Scott Langdon 19:35: This unit was centered around 20.God Shares His Earliest Interactions In Chinese Spirituality and something really interesting happens here that I hadn't thought about in this way until working with this episode. God explains to you that the Chinese approached Him and it was the Chinese responding to nature in a particular way that gave God a new sense of God's developing identity or character, and I thought it was really interesting that this was a revelation to God in a sense that they approached Him. I thought it was important. He felt it was important to tell you that and talk about it in that way. Can you talk about that? 

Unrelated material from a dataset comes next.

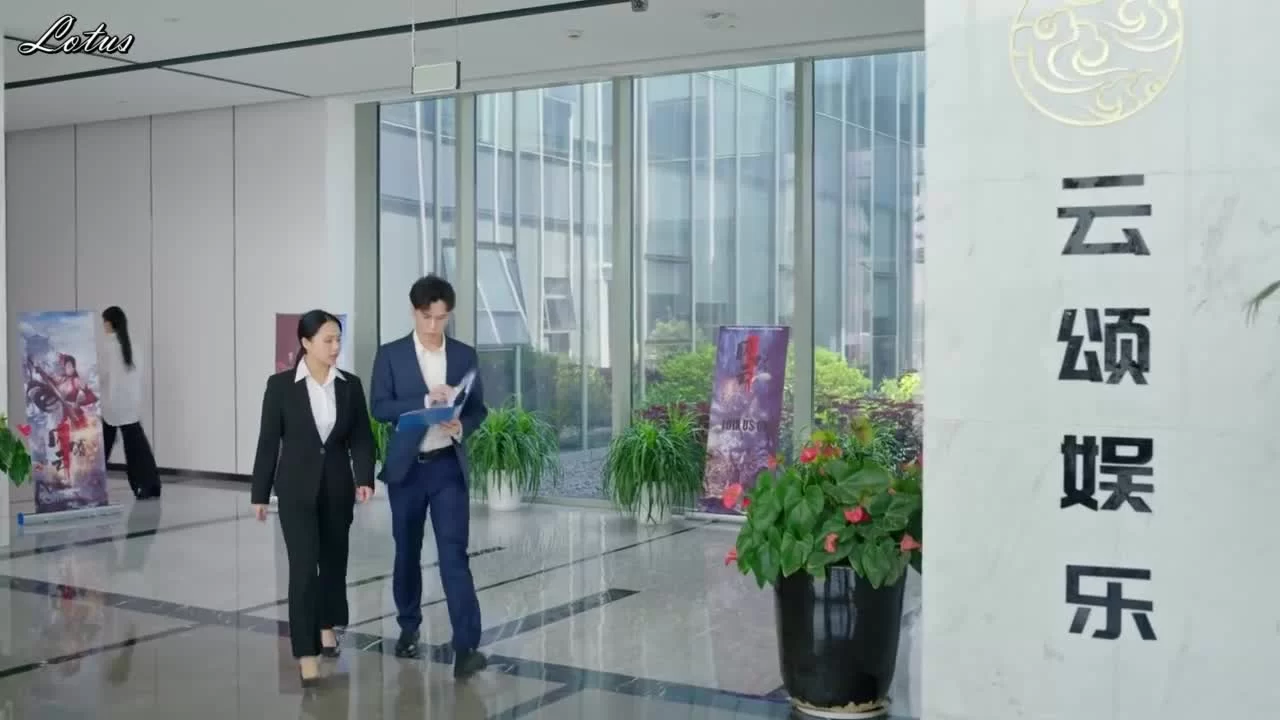 Моя девушка знает кунг-фу 17 серия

Dr. Jerry L. Martin 20:22: Yeah, the Chinese. There's a longer story, of course, but the gist of it is that the Chinese saw the divine in a different way. It's not like the God of Israel speaking up, it's not like Jesus coming and that whole story. It's quite different from that. The Chinese responded to sort of cosmic nature, the design of Capital N. We're not talking about a picnic in the woods, we're talking about the overarching cosmos. And what they noticed was it's beautiful, it's beautiful, it's amazing, it's full of harmony. They saw the harmony in that overarching frame of the universe and God for the first time realizes oh, I am sort of harmony, aren't I? And these words that come out, some of them are musical, and the divine metronome, that kind of thing. I'm kind of the measure and standard of beauty, harmony, order, tranquility, all these things sort of combined. And they're noticing that and they have an exceedingly fine appreciation of that. It's not just a generic oh God's beautiful, but it's spelled out in particular locations that have their own distinctive character. 

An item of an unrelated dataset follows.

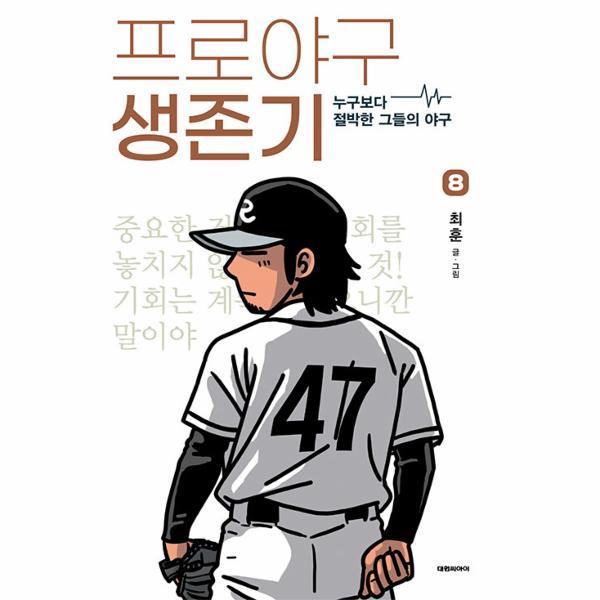 [출판사 대원]대원(도서) 프로야구 생존기 8 : 누구보다 절박한 그들의 야구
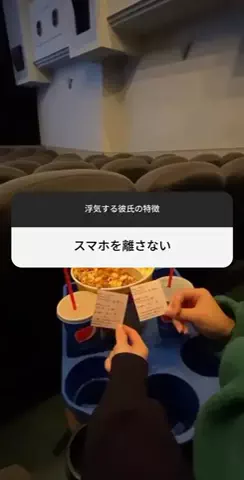 riiieのTikTok投稿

Dr. Jerry L. Martin 21:54: So there are whole theories of place and where things should be, where they should be in relation to each other to be harmonious, and how you live your life, you live your personal relationships in a way that is harmonious. So there's a theory of the social order that comes out in Confucius, for example, and in Taoism it's more the sense there's an underlying reality to things. And you don't need to go fix it. It's very different from certain Western views. You don't need to go fix it. Water finds where it's supposed to be and it sits there still undisturbed. A lot of reality is simply like that and you just go with it. You just go with it. Well, Confucius says you also have social structures and you have to arrange those harmoniously. And that is a little he believes does take personal self-cultivation, not just being. You know, but both are true and those come out in these episodes 20, 21, I think of Life Wisdom, they're discussed. 

Scott Langdon 23:19: Yeah, one of the things upon reflection of this way of seeing the world not against or versus how I saw the world, but in contrast, I think, to the way I was raised there was an underlying sense the whole time, and not just in one of the ways of the tradition over the other, both in the Lutheran and the more evangelical tradition, sort of all of Christianity, had the overlying or maybe underlying sense that we are broken to begin with just simply by getting here, by being here. But we're in the wrong place, and you mentioned it earlier. With this other way of seeing things, there's an underlying sense of things and you don't have to fix it. It's about getting in tune with it, getting in flow with it, going with that and when you, you know, I talk about the moving sidewalk in an airport often as an analogy you could turn around and certainly walk against it, but you know that the flow is going this way, that the flow is going this way and starting out with a sense that you're flawed to begin with, I still I think I'm recovering from that because that was not the earliest sense, even within the tradition itself, hearing the language, you know you're broken and here is the way to get fixed and this is what was done for you and you have to accept it and all of those things, even with that sort of structure there, upon reflection, I realized that the most peaceful times were more like the way we're describing in the Chinese mind, where I would be say, at summer camp, on a mountain, looking out, going, ah, this is amazing. Or seeing a play and feeling this connection between the audience and the players, or hearing a piece of music and going, ah, yes, those were the times that I was most connected, even within the structure that would say you need to do this, that or the other thing and fix it. I had that anxiety to have to fix it. But in both of these traditions the Chinese tradition and at the heart of the Christian faith, is this being in tune, being in flow. We talk about it as being in tune with God. 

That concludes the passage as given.